*EXERCISE BRIEF:* Set down exactly the lines running from the line with "Rachirare Shoujo wa, Manga" to the end of the listing below, both ends included.

========

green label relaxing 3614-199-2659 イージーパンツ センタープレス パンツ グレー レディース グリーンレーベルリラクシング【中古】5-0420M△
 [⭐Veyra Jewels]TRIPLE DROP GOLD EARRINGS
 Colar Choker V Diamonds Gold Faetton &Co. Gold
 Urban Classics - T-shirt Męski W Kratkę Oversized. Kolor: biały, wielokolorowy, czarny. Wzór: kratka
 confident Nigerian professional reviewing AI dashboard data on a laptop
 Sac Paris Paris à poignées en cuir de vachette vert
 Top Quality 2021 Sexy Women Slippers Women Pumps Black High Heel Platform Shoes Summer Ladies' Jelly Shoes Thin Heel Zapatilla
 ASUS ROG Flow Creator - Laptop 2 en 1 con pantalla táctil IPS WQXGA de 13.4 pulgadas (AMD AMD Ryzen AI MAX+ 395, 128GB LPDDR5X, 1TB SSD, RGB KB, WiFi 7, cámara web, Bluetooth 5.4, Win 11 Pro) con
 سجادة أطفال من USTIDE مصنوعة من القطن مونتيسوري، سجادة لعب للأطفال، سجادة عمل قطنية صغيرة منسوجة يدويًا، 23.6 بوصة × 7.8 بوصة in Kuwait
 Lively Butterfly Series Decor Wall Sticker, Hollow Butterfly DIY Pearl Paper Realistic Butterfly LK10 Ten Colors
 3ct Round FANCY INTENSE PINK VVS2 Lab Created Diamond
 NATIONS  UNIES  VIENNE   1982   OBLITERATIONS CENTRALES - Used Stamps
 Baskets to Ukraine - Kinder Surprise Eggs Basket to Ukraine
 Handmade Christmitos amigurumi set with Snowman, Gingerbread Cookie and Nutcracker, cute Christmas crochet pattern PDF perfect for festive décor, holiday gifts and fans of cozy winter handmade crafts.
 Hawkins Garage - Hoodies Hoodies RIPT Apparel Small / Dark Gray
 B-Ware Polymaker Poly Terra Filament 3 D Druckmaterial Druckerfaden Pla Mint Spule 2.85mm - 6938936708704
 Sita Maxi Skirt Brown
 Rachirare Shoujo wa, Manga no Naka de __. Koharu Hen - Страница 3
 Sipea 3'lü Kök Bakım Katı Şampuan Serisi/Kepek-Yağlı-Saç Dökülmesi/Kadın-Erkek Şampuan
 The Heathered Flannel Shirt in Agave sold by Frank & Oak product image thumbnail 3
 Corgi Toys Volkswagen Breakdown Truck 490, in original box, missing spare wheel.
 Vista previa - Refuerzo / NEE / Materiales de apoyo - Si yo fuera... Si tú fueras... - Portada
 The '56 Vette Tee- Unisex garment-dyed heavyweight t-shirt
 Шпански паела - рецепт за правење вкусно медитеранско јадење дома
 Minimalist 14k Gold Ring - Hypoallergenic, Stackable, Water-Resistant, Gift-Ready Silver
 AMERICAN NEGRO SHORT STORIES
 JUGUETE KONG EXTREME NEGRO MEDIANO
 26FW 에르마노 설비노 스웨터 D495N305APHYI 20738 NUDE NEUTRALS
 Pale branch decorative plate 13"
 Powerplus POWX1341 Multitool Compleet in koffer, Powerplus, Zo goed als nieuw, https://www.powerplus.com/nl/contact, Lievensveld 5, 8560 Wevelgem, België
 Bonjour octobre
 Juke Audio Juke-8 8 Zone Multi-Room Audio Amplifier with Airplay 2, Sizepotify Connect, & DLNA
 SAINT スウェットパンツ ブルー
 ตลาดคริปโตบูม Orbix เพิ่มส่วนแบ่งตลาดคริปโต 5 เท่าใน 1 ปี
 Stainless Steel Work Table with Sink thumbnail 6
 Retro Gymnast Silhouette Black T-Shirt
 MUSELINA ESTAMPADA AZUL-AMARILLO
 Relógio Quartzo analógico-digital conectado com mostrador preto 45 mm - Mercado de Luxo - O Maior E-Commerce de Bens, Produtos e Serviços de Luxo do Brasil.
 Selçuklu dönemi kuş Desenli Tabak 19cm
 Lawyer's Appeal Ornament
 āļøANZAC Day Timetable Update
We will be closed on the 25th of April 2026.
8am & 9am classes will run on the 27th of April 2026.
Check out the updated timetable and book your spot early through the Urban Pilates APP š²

========

*SOLUTION:*
 Rachirare Shoujo wa, Manga no Naka de __. Koharu Hen - Страница 3
 Sipea 3'lü Kök Bakım Katı Şampuan Serisi/Kepek-Yağlı-Saç Dökülmesi/Kadın-Erkek Şampuan
 The Heathered Flannel Shirt in Agave sold by Frank & Oak product image thumbnail 3
 Corgi Toys Volkswagen Breakdown Truck 490, in original box, missing spare wheel.
 Vista previa - Refuerzo / NEE / Materiales de apoyo - Si yo fuera... Si tú fueras... - Portada
 The '56 Vette Tee- Unisex garment-dyed heavyweight t-shirt
 Шпански паела - рецепт за правење вкусно медитеранско јадење дома
 Minimalist 14k Gold Ring - Hypoallergenic, Stackable, Water-Resistant, Gift-Ready Silver
 AMERICAN NEGRO SHORT STORIES
 JUGUETE KONG EXTREME NEGRO MEDIANO
 26FW 에르마노 설비노 스웨터 D495N305APHYI 20738 NUDE NEUTRALS
 Pale branch decorative plate 13"
 Powerplus POWX1341 Multitool Compleet in koffer, Powerplus, Zo goed als nieuw, https://www.powerplus.com/nl/contact, Lievensveld 5, 8560 Wevelgem, België
 Bonjour octobre
 Juke Audio Juke-8 8 Zone Multi-Room Audio Amplifier with Airplay 2, Sizepotify Connect, & DLNA
 SAINT スウェットパンツ ブルー
 ตลาดคริปโตบูม Orbix เพิ่มส่วนแบ่งตลาดคริปโต 5 เท่าใน 1 ปี
 Stainless Steel Work Table with Sink thumbnail 6
 Retro Gymnast Silhouette Black T-Shirt
 MUSELINA ESTAMPADA AZUL-AMARILLO
 Relógio Quartzo analógico-digital conectado com mostrador preto 45 mm - Mercado de Luxo - O Maior E-Commerce de Bens, Produtos e Serviços de Luxo do Brasil.
 Selçuklu dönemi kuş Desenli Tabak 19cm
 Lawyer's Appeal Ornament
 āļøANZAC Day Timetable Update
We will be closed on the 25th of April 2026.
8am & 9am classes will run on the 27th of April 2026.
Check out the updated timetable and book your spot early through the Urban Pilates APP š²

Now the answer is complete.